RE: [PATCH V7 13/17] perf, x86: enable LBR callstack when recording callchain

From: Liang, Kan
Date: Wed Nov 05 2014 - 10:55:08 EST



Thanks for your comments. There are lots of discussion about the patch.
It's hard to reply them one by one. So I try to reply all the concerns here.

The patchset doesn't try to introduce the 3rd independent callchain option
That's because LBR callstack has some limitations (only available for user
callchain, only 16 entries, cannot collect branch info at the same time, etc).
So itâs designed as a supplement/extension of FP callchain options. It rely
on FP, but can provide the callstack info when FP isn't available in some
cases which Stephane and Andi mentioned.

Since it's not an independent callchain options, I didn't provide an explicit
option for user to enable it.
However, I provide an option in perf report to show the LBR userspace
callchain and FP callchain. That's the main difference between Zheng's
previous patch and the latest patch.

Here are how it works.
When the user enable FP callchain on HSW, the kernel implicitly enable
both LBR callstack and FP.
Zheng's previous patch does everything in kernel. If FP is not available,
then LBR callstack data will be used implicitly. If FP is available, then LBR
callstack data will be discarded.
While the latest patch expose both LBR callstack and FP data to user tool.
A new option for perf report is introduced. The user can dump the callchain
from either lbr or fp if they are both available.
E.g.
perf report --call-graph fp (both userspace and kernel callchain from FP)
perf report --call-graph lbr (userspace callchain from LBR, kernel from FP)

>
> On Wed, Nov 5, 2014 at 1:49 PM, Peter Zijlstra <peterz@xxxxxxxxxxxxx>
> wrote:
> > On Wed, Nov 05, 2014 at 11:57:10AM +0100, Stephane Eranian wrote:
> >> Yes, but I wonder how would the tool sort this out if you have FP and
> >> LBR for each sample.
> >
> > That's the tools 'problem'. It currently can already have FP and Dwarf
> > bits. And it does not need to request all of them.
> >
> I was thinking about the case where the tool would request both FP and
> LBR at the same to try and construct a complete callstack. Not sure how the
> tool could do that.

Both LBR and FP data are pushed to the tool. User can use newly introduced
perf report call-graph option to choose how to construct the callstack.

>
> >> My understanding of the patch is that it does not change the user
> >> interface, it changes the way callchains are gathered by the kernel on
> HSW.
> >
> > I was under the impression it did change, but that shows how well the
> > Changelog explained things I suppose :/
> >
> With the current patches (or the latest version I looked at), there was no
> way to request explicitly LBR mode. It was automatic if CALLCHAIN + user
> mode only sampling.
>

Yes, currently there is no way to request explicitly LBR mode.
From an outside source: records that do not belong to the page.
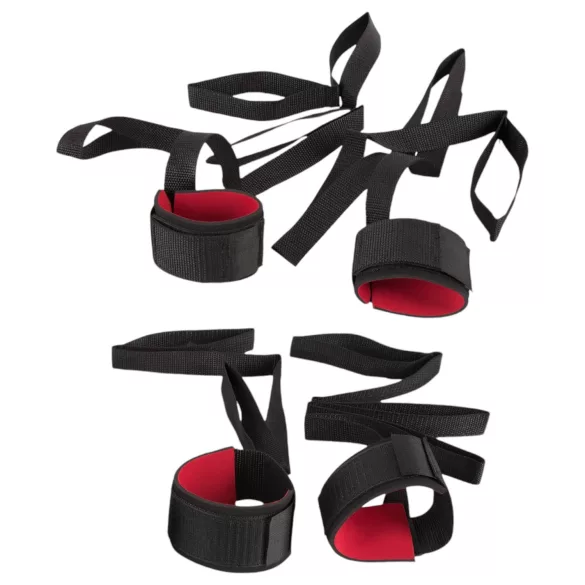 You2Toys - Set bondage 4 piese - accesorii fetiș pentru restricții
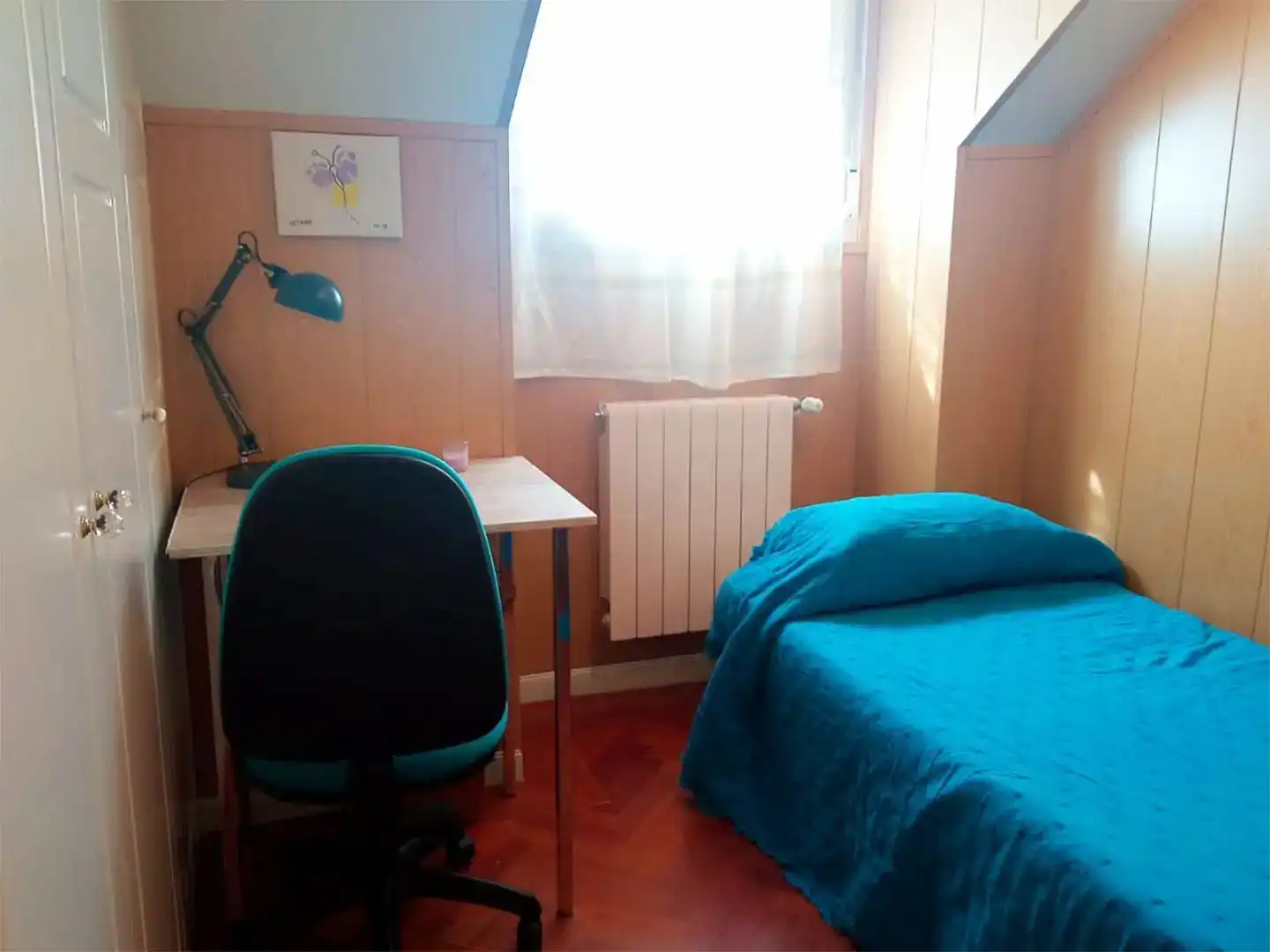 Dormitori de Dúplex per a compartir en Leganés amb Aire condicionat, Parquet i Moblat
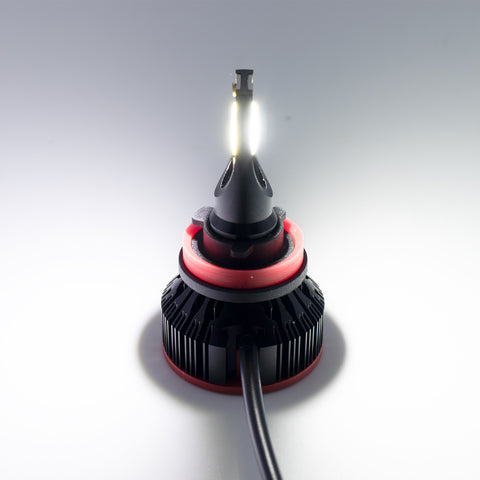 6000K Xenon White LED Headlight Bulb All-in-One Conversion High Low Beam Kit, 6000LM Super Bright Fog Light Replacement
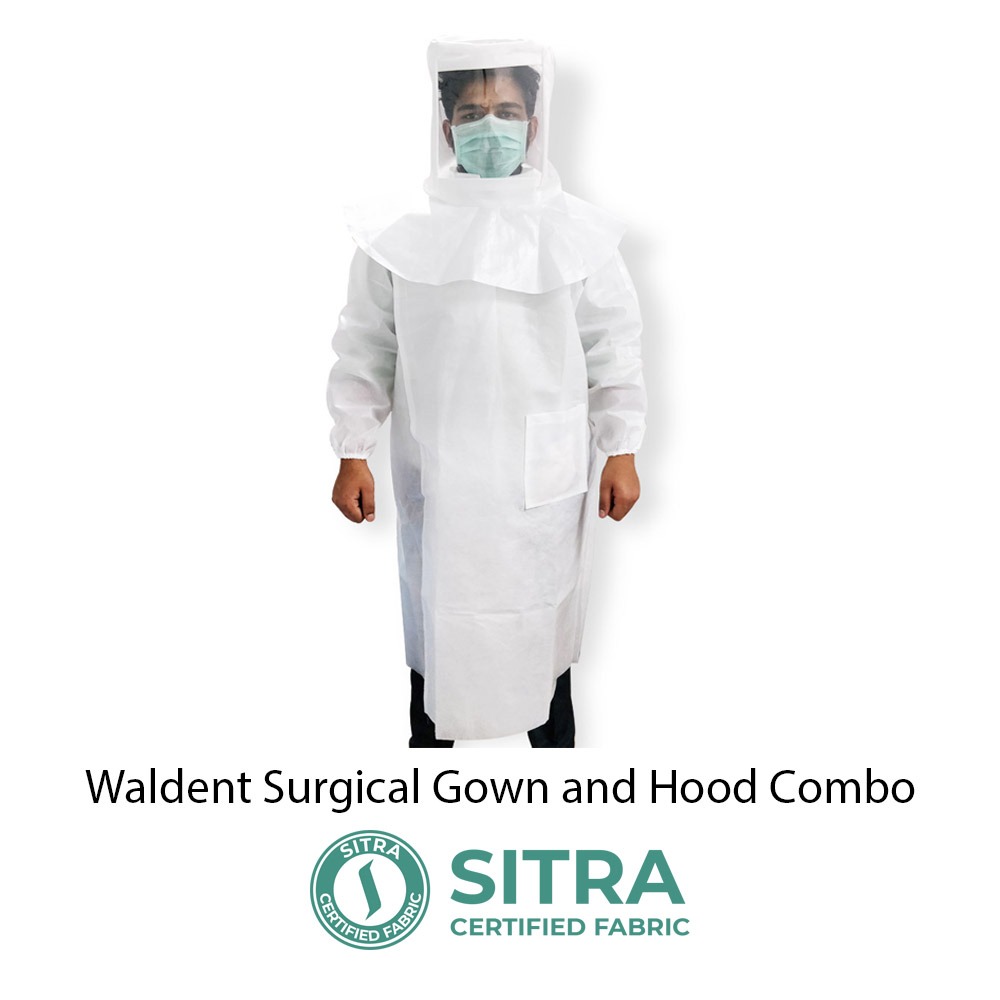Waldent Surgical Gown and Hood Combo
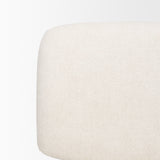 Nora Cream Fabric w/ Matte Black Metal Legs Accent Chair from Mercana - Luna Furniture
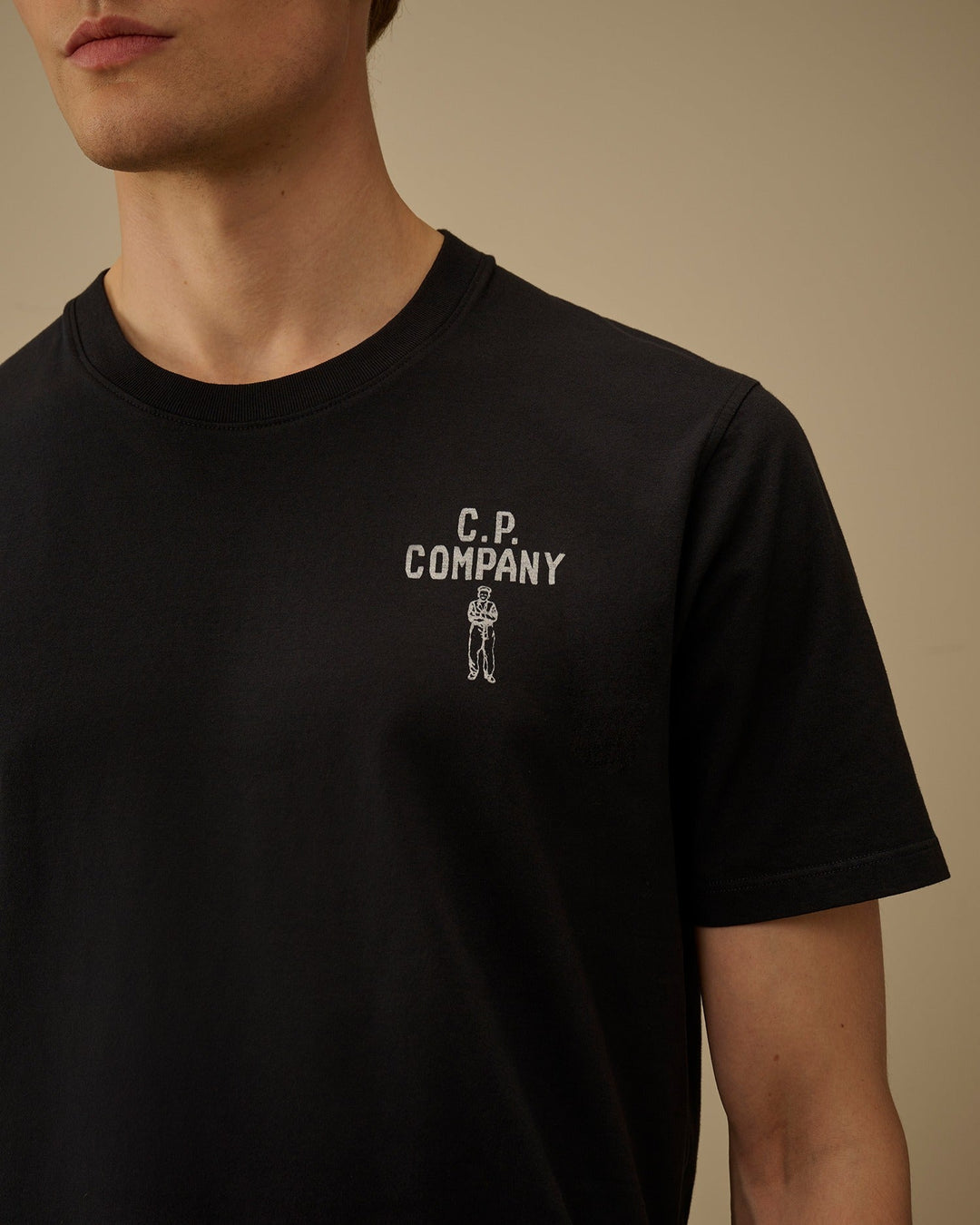 C.P. COMPANY - 30/1 Jersey Comfort Logo T-Shirt Total Eclipse Bleu - Lothaire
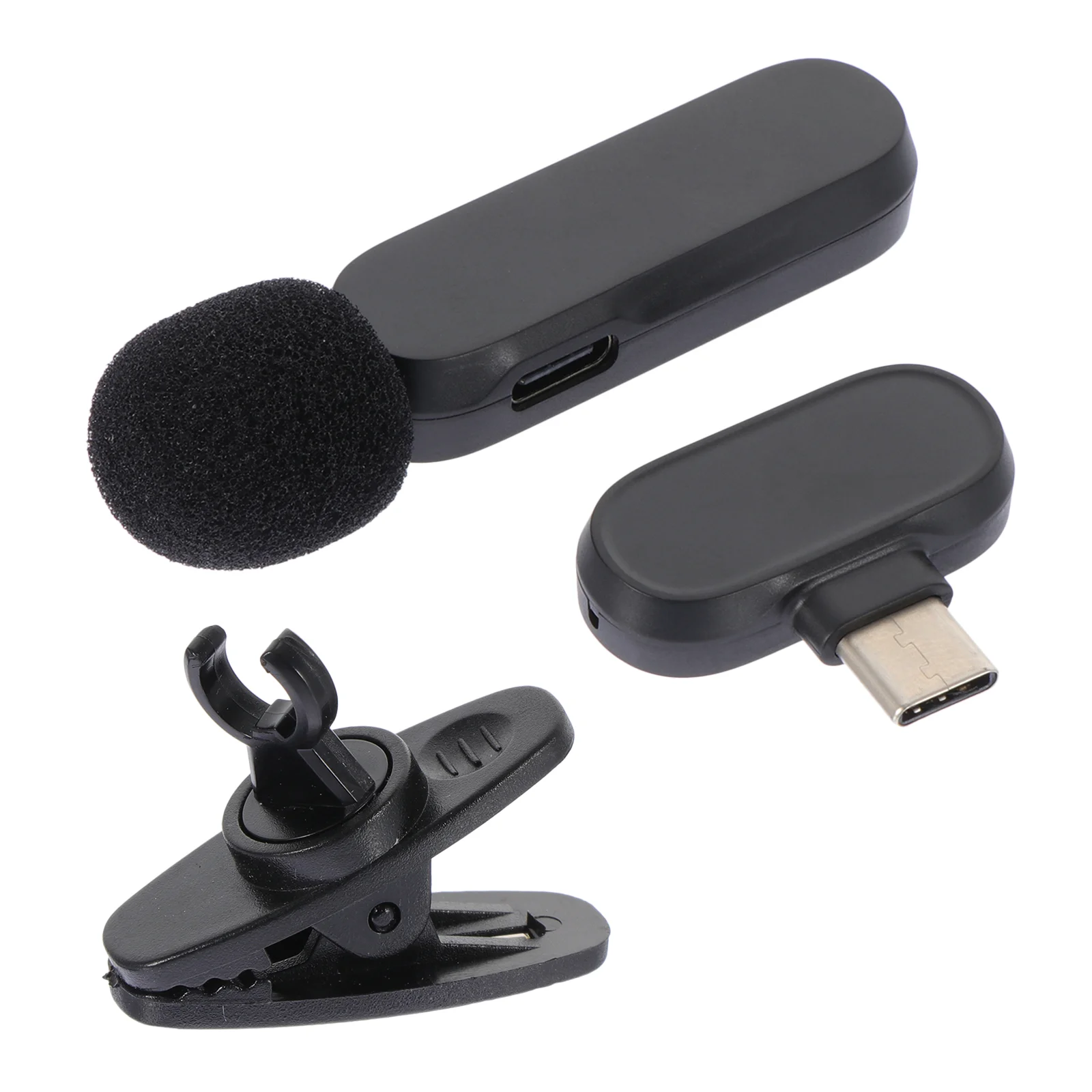 

1 Set Mini Mic Wireless Lavalier Lapel Mic Live Mic Clip-on Wireless Microphone for Dorm Outdoor Home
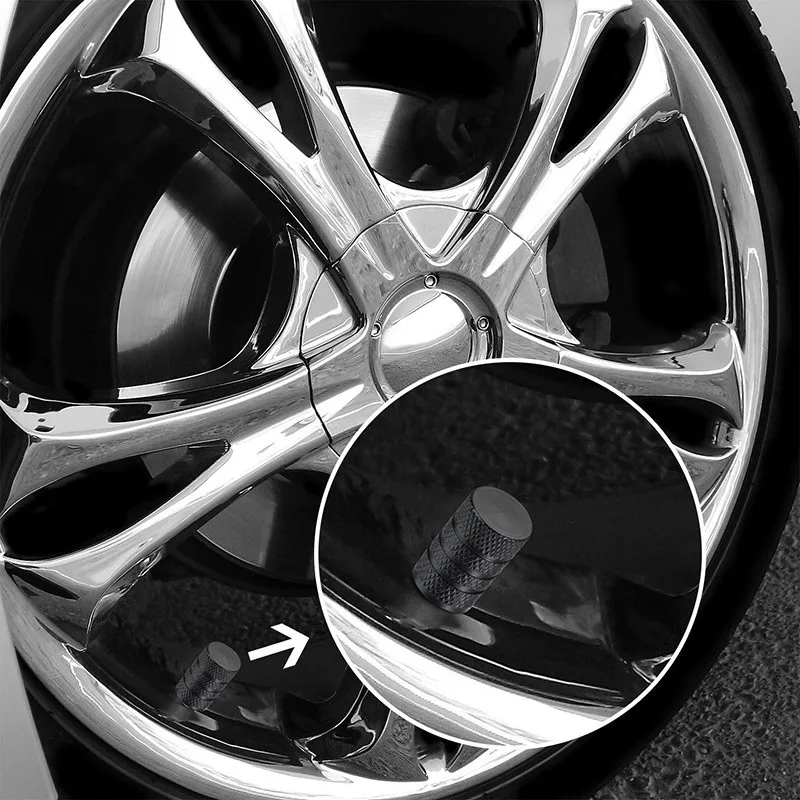 4 шт. колпачки для клапанов шин из алюминиевого сплава|Стержни и клапана| |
> >> Is there explicit mention in the API that CALLCHAIN is relying on FP?
> >
> > Don't think so. Although I would much prefer if it uses a single
> > method per arch across both kernel and user space. For x86 that is FP
> > (since that's the only method available to the kernel).
> >
> I tend to agree here. The problem with FP is that it is not easy to figure out
> how a binary has been compiled. Getting valid FP callchains for large
> binaries using lots of shared libraries is very challenging. All libraries must
> be compiled with FP. It is not easy to test if FP was compiled in. There is no
> ELF header flag for this. Need to inspect the x86 asm and look at function
> prologues.
>
> This is where LBR has an advantage, it works regardless of how a binaries
> and shared libs have been compiled. That is why this is a good (or some
> would say better) approach which is using hardware assist.
>

Agreed. LBR is a very good supplement.

> >> I think in general it would be better for tools to know which
> >> low-level mechanism is used to better interpret the results and
> >> especially be aware of the limitations of each mechanism.
> >
> > Agreed.
> >
> >> I think the patch is trying some auto-promotion of CALLCHAIN to FP
> >> based on the belief it is better in most cases.
> >
> > We're all more familiar with FP, and it doesn't have the obvious
> > problem if only 16 entries. I've worked on quite a bit of software
> > that had much deeper callchains -- yay for recursive algorithms and/or
> C++.
> >
> Yes, this is true too. But it is not so clear to me if people really care about
> top of callchains that much. I think usually 2-6 would probably yield enough
> useful info.
>
> LBR callstack fails for leaf function optimization. Where the callee does not
> return to its caller but instead to the caller's caller. That is the one case I
> know about. There are others I believe.
>
> > With a bit of care FP can be 'perfect', although Andi likes to point
> > out that glibc isn't and often wrecks FP :-(
> >
> Especially any hand-crafted assembly...
>
> >> It reminds me of the discussion about precise mode. Why not default
> >> to precise for all events that support it?
> >
> > I've no idea where that discussion stranded.
> >
> >> I would be okay if the patch was introducing the 3rd mode for callchains.
> >
> > Right, I would prefer that (as should be clear by now), this would
> > allow running with two (or even all three) and compare results.
>
> I don't think it would be very hard to modify the patch set to make that 3rd
> mode visible. Just need to make that new PERF_RECORD_* type visible to
> user and modify the compatibility checks.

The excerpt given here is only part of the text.